I love the sales and they are not as frequent it would appear in Spain as in the UK , although I did get some lovely things from the Mango sale on day 1. I have just ordered a few things from the Cath Kidston sale and postage was 8 euro so not too bad. What I cant find on the site is the carrier they use , will it arrive at the post office or will it be a delivery company. We live outside the villlage so a potential problem. Has anyone had a delivery from this company. Hope I have posted this in the right place , even after a while on the forum I still not sure !


----------



## Horlics (Sep 27, 2011)

My Internet stuff has been private courier and they visit your address. Make sure your phone is on and that you can guide them in.


----------



## Relyat (Sep 29, 2013)

Couriers have always phoned me when they are on their way.
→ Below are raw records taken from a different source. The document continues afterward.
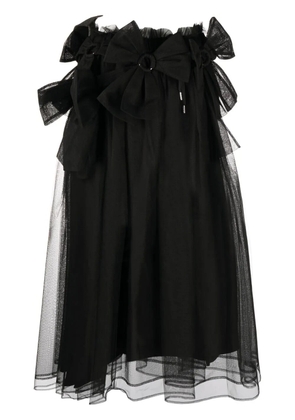 Noir Kei Ninomiya bow-embellished tulle skirt - Black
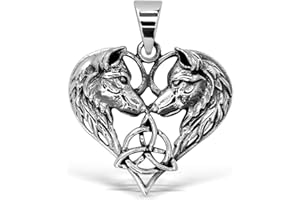 W | S WITHLOVE SILVER WithLoveSilver 925 Sterling Silver Celtic Heart Love 2 Wolfs Amulet Trinity Triquetra Pendant
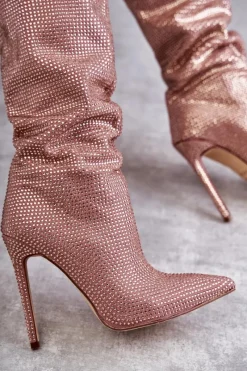 Best Boto Modne Kozaki Na Szpilce Z Cyrkoniami Różowe Lovisa Różowy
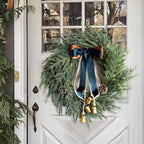 Wreath Faux Evergreen 18 Inch Ribbon & Bells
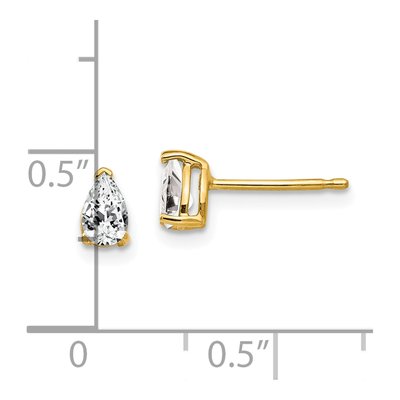 14K Yellow Gold CZ Pear Stud Earrings – view 4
I then arrange to meet them at the Poliesportieu which isn't far away, but easier than trying to direct them to the house. 

I have been asked for I.D. when meeting them, but usually they only need my NIE and a signature.


----------



## Pazcat (Mar 24, 2010)

I had to meet another inept driver yesterday, instead of using his smart phone to perhaps check google maps and do his job properly he thought it would be easier to claim that the street does not exist and he is at the main entrance to the urb, which of course there is not one main entrance but many smaller ones.
I finally found him as he was pulling away.
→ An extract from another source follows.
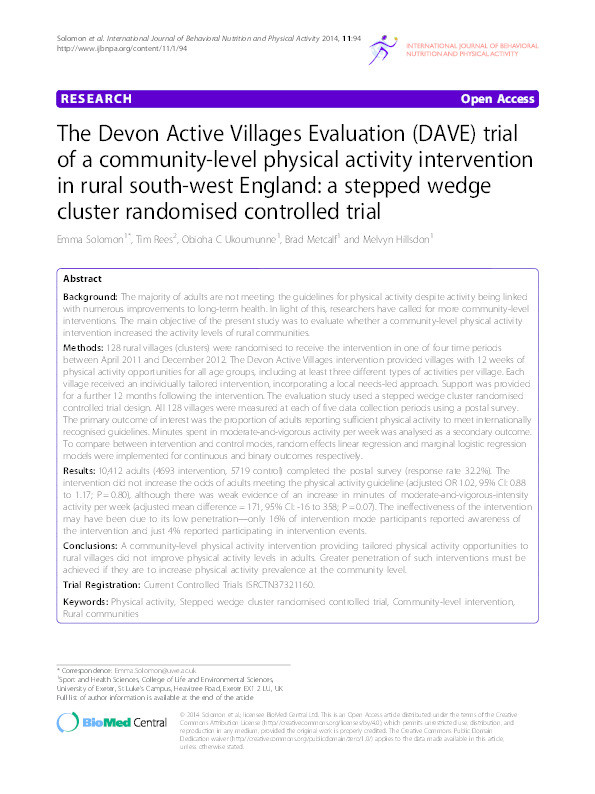 The Devon Active Villages Evaluation (DAVE) trial: Study protocol of a stepped wedge cluster randomised trial of a community-level physical activity intervention in rural southwest England Thumbnail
That is another shop and courier company scratched off the list.


----------



## Alcalaina (Aug 6, 2010)

maureen47 said:


> I love the sales and they are not as frequent it would appear in Spain as in the UK.


Sales in Spain start 7 January, after Los Reyes, so a bit later than in the UK.


----------



## emmamayb (Aug 19, 2015)

I have found that it tends to be a courier if the shipping costs were expensive. You can also judge by the time given that it takes to ship, the shorter it is the more likely to be a courier. Also they may provide tracking information either on their site or with an external courier. You can also take any tracking number provided and enter it on the UK post office track and trace and it will provide the information.


----------



## Maureen47 (Mar 27, 2014)

Thanks for all the replies , I have put a message in Spanish with my telephone number about where to meet me if they cant find the address , our local Repsol garage are very helpful when it comes to parcels , I took them some beers and wine at Christmas as they had helped me out with parcels and got a bag of oranges in exchange, dont you love Spain !


----------



## Maureen47 (Mar 27, 2014)

Alcalaina said:


> Sales in Spain start 7 January, after Los Reyes, so a bit later than in the UK.
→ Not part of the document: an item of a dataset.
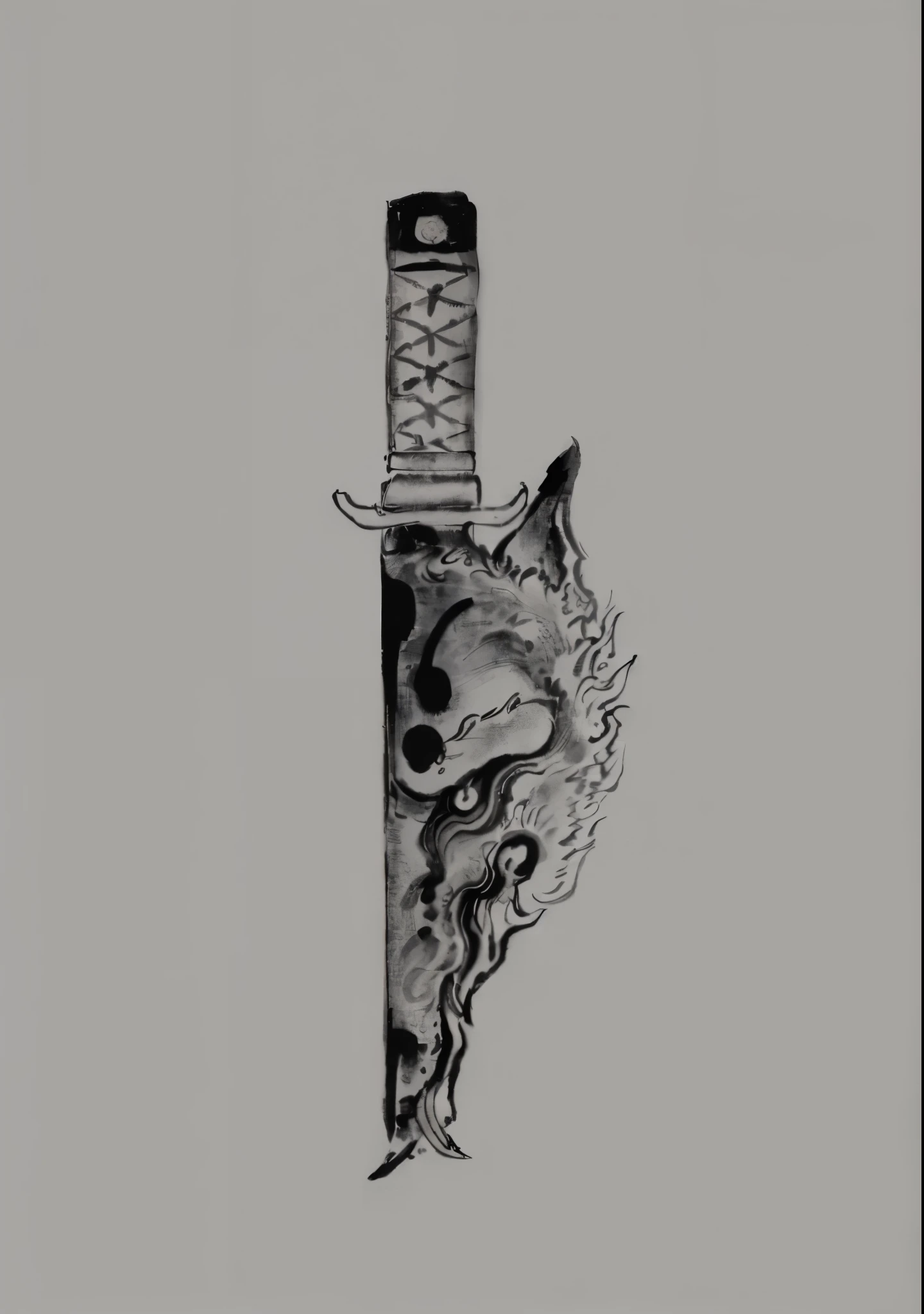 He even drew the texture of Japanese paper and made black and white woodcuts in ink.. Metade do rosto da kitisune e a outra metade uma katana, kitsune olhando para baixo com bastante raiva, very threatening eyes, olhando para frente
Yes , so I was told I think we were lucky to find the Mango sale on Jan 2nd ! It was packed out !


----------



## VFR (Dec 23, 2009)

Maureen add your mobile number into your address as this will be read by the courier delivery person.

Maureen47
Ctr El Paco.
468?? Chella.
Valencia.
Mob 606101202 (made that up)


----------



## Pazcat (Mar 24, 2010)

I thought of adding the map co-ordinates to my adress but decided that is more like to make things worse. 
Some companies are great though and the more you use them the more you know which ones are the better ones.

Like the idea of using the garage, need to get out more and make some contacts in town.


----------



## thrax (Nov 13, 2008)

Their website says they use five delivery firms and then list six!! Which are:

Royal Mail
DPD
DHL
UPS
Parcel Force
Hermes


----------



## baldilocks (Mar 7, 2010)

So much depends on the driver, probably more so than the delivery firm. If you get to know the drivers for the relevant companies, be friendly, get to know their first names and address them by them, you will find the service greatly improves. This can also apply to shops, stores and contractors - if they think of you as a friend, they will usually go that extra half-mile.


----------



## Maureen47 (Mar 27, 2014)

baldilocks said:


> So much depends on the driver, probably more so than the delivery firm. If you get to know the drivers for the relevant companies, be friendly, get to know their first names and address them by them, you will find the service greatly improves. This can also apply to shops, stores and contractors - if they think of you as a friend, they will usually go that extra half-mile.



First time ordering with this company since being in Spain and not sure what to expect as they list a number of couriers and the Royal Mail but email with dispatch info so we will see !


----------